Speicherteich, Stromerzeugung, Skigebiete
Der Speicherteich am Langwiedboden in Salzburg versorgt nicht nur die Schneekanonen mit Wasser, sondern mit ihm wird auch Strom erzeugt.
Gletscherbahnen Kaprun AG | Edit

"Hundert Prozent Schneesicherheit" verspricht das Kitzsteinhorn in Kaprun in Salzburg. Zwar liegen die Pisten auf bis zu 3.000 Meter Höhe und noch dazu auf einem Gletscher. Ohne künstliche Beschneiung geht aber auch hier nichts. Das Wasser für die 161 Schneekanonen kommt von Speicherteichen wie jenem am Langwiedboden auf rund 1900 Meter Höhe: eingebettet zwischen den umliegenden Bergen und einer 15 Meter hohen Staumauer, die bis zu 26 Millionen Liter Wasser im See hält. "Mit diesem Wasser beschneien wir ungefähr 40 bis 45 Tage im Jahr", sagt Günther Brennsteiner, technischer Leiter der Gletscherbahnen Kaprun.

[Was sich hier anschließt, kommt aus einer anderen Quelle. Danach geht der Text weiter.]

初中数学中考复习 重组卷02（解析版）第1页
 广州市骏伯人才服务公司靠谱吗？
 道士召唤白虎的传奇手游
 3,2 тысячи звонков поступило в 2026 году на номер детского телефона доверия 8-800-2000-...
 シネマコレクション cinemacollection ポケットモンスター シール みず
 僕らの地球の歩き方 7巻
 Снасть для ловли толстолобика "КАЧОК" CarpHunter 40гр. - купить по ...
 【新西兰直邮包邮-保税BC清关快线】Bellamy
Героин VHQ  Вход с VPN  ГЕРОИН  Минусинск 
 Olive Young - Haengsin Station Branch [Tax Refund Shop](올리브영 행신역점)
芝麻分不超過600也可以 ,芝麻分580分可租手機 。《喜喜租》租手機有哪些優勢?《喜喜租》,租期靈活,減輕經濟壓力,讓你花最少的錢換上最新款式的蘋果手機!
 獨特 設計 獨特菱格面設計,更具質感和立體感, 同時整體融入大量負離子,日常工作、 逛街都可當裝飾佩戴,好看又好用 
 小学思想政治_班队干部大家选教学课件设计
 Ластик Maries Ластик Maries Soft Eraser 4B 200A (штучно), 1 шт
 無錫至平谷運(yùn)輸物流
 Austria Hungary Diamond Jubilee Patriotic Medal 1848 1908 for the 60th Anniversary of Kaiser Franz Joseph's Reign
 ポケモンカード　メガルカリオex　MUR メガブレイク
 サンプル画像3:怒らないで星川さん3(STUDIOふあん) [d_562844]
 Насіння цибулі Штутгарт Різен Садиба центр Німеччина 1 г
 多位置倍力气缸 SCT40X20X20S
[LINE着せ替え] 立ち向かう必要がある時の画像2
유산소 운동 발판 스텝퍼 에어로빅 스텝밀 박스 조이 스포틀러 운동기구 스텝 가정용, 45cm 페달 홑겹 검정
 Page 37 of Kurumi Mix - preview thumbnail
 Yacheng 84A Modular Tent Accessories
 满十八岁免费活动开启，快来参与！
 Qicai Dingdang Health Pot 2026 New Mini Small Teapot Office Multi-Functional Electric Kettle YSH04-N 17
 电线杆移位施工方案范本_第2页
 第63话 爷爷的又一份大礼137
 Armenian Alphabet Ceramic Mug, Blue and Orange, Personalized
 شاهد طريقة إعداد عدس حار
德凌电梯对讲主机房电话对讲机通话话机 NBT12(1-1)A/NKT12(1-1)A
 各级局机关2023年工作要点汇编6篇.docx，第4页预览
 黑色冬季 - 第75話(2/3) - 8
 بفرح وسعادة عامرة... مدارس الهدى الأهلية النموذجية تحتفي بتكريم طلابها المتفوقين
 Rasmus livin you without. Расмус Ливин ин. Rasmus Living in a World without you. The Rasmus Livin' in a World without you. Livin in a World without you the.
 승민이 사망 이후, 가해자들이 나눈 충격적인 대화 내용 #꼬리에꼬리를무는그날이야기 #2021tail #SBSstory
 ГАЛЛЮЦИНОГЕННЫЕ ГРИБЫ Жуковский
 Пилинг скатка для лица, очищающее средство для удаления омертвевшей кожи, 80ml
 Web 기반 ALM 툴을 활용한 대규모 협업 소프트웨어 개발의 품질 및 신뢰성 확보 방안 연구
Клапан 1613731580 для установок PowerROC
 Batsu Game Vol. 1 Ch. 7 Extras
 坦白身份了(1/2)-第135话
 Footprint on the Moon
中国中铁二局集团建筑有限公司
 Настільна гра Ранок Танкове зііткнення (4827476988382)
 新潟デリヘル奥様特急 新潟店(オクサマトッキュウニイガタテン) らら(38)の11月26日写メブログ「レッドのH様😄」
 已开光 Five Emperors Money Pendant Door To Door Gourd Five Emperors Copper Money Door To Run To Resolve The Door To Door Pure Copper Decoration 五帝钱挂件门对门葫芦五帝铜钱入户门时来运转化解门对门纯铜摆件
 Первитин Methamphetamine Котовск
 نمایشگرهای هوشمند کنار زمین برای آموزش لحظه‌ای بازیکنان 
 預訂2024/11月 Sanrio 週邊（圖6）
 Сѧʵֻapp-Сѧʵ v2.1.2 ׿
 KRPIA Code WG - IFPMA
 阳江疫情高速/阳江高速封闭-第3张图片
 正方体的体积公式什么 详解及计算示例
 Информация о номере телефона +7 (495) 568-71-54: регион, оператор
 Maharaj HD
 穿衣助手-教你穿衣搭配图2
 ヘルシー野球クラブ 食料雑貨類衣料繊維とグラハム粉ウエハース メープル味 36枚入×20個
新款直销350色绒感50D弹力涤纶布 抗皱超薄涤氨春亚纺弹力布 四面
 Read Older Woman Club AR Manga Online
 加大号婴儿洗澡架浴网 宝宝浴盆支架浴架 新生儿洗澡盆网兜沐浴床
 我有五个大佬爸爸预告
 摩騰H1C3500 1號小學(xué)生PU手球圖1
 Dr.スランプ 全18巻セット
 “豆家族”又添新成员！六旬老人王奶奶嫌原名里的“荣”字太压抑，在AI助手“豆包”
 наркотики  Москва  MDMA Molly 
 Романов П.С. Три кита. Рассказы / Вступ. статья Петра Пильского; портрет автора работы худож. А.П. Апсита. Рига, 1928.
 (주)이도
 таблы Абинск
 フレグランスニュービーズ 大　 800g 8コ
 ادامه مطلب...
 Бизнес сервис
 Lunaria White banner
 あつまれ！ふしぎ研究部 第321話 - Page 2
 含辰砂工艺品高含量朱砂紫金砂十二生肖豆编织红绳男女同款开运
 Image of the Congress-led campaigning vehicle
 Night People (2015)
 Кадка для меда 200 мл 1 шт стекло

Kaum ein Skigebiet kommt heutzutage ohne die wertvollen Wasserspeicher aus. Rund 450 Speicherseen gibt es in Österreich – Tendenz steigend. Sie versorgen im Herbst und Winter die rund 33.000 Schneekanonen im Land mit Wasser für die Beschneiung der Pisten. Die meiste Zeit des Jahres, vor allem im Frühling und Sommer, sind die Speicherbecken jedoch kaum in Verwendung. Dann sind sie allenfalls Kulisse von Wanderwegen oder Aussichtspunkten.

Energiekreislauf

Geht es nach einigen Vertretern der Seilbahnwirtschaft und der Kleinwasserkraft, könnte sich das in Zukunft ändern. Sie sehen in Speicherseen ein großes Potenzial für die Energiewende, denn diese könnten ganzjährig genutzt werden. Die Idee: Im Winter können die Speicherseen wie jetzt Wasser für die Schneekanonen liefern, im Frühling und Sommer dann – gefüllt mit Schmelzwasser – je nach Bedarf Strom produzieren oder Strom speichern.

Im Skigebiet in Kaprun passiert das bereits zum Teil. Dort wandelt ein Kraftwerk im Sommer das Schmelzwasser vom Speicherteich am Langwiedboden in Strom um. "Damit können wir circa 50 Prozent des Stroms der Beschneiungsanlagen abdecken", sagt Brennsteiner. Im Herbst und im Winter, wenn die Schneekanonen Wasser brauchen, wird das Wasser von den Wasserbecken des Kraftwerks Kaprun wieder in den Speicherteich auf dem Langwiedboden gepumpt. "Dadurch entsteht ein Energiekreislauf", sagt Brennsteiner.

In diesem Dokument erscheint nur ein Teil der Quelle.